AWS marketed this service as serverless, scalable, with no management or maintenance overhead service. This is somewhat I agree but when it comes to the variety of data, it has a problem.
All we know is that Athena uses Apache Hive to define tables and databases. Apart from that, it can simply run queries on data in Amazon S3 by defining the schema, which is great. but it never says what kind of data it can simply process!
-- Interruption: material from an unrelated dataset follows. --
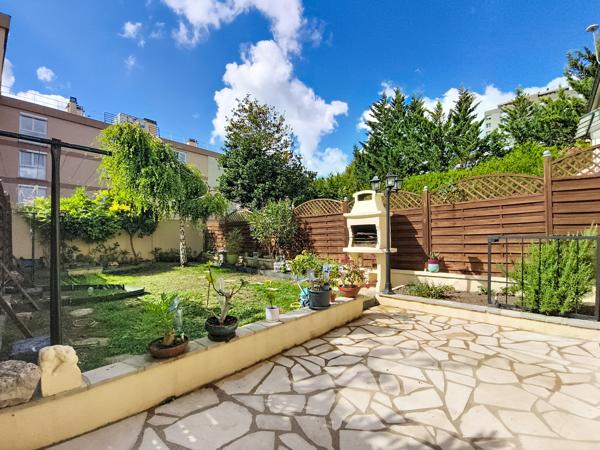 Maison
         4 pièces
        - 70 m² Exclusivité 285 000 € *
Although AWS Athena claims it can process data in CSV, JSON, ORC, Avro and Parquet format, I have a bad experience with dealing with JSON data.
1. Idnetify Data
Let me explain. The data was in JSON format with file extension .json. The below data in the code block looks like an array of three records, which needs to be processed by the Glue crawler and populate the data into the tables. The below data and example is taken from AWS documentation.
[
{
"type": "constituency",
"id": "ocd-division\/country:us\/state:ak",
"name": "Alaska"
},
{
"type": "constituency",
"id": "ocd-division\/country:us\/state:al\/cd:1",
"name": "Alabama's 1st congressional district"
},
{
"type": "constituency",
"id": "ocd-division\/country:us\/state:al\/cd:2",
"name": "Alabama's 2nd congressional district"
}
]
To process the data the Glue Crawler need to have a custom JSON Classifier. When I run a crawler using the built-in JSON classifier, the entire file is used to define the schema. Because initially didn’t specify a JSON path, the crawler treats the data as one object, that is, just an array. For example, the schema might look like the following:
root
|-- record: array
However, to create a schema that is based on each record in the JSON array, create a custom JSON classifier and specify the JSON path as $[*]
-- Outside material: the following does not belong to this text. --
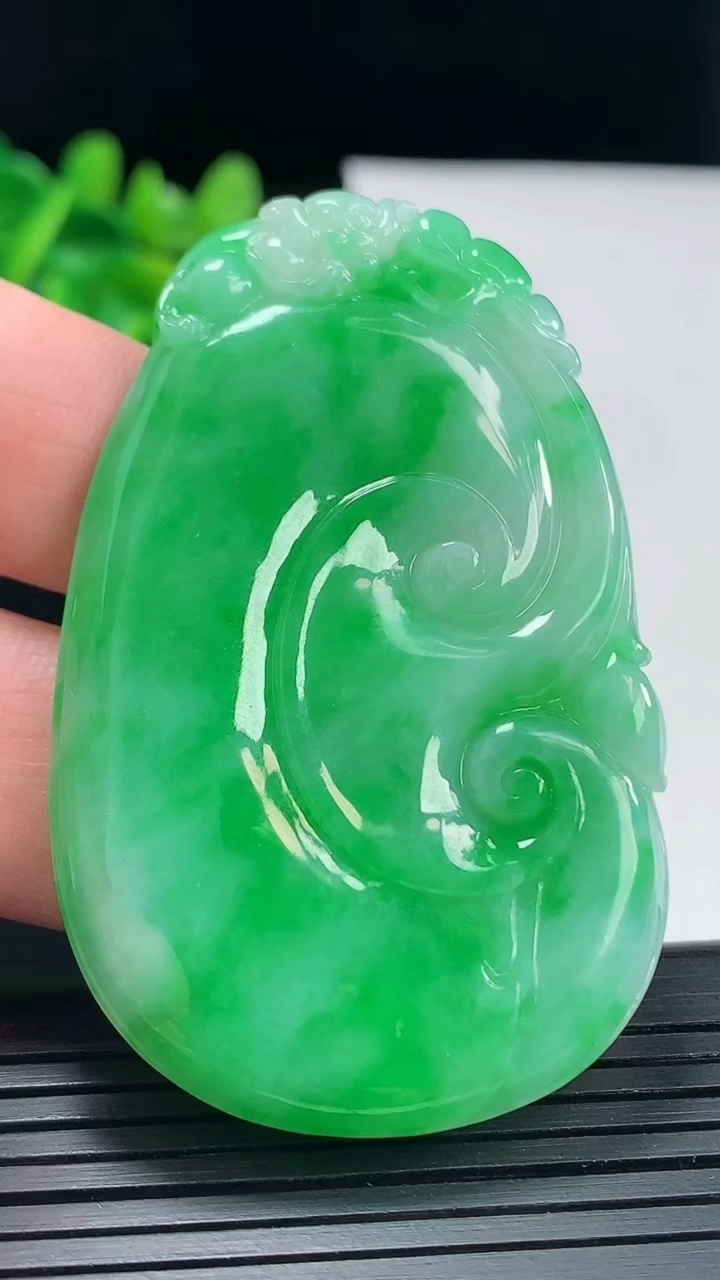 天然A货翡翠如意吊坠，尺寸60-36.6-5重量:24.73g
4月28日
. When this JSON path is specified, the classifier interrogates all 3 records in the array to determine the schema. The resulting schema contains separate fields for each object, similar to the following:
root
|-- type: string
|-- id: string
|-- name: string
JSON path
A JSON path that points to an object is used to define a table schema. The JSON path can be written in dot notation or bracket notation. The following operators are supported:
Operator | Description |
---|---|
$ | Root element of a JSON object. This starts all path expressions |
* | Wildcard character. Available anywhere a name or numeric are required in the JSON path. |
.<name> | Dot-notated child. Specifies a child field in a JSON object. |
['<name>'] | Bracket-notated child. Specifies child field in a JSON object. Only a single child field can be specified. |
[<number>] | Array index. Specifies the value of an array by index. |
Till this all fine but the pain starts here.
The Glue crawler creates a table in the Glue Data Catalog.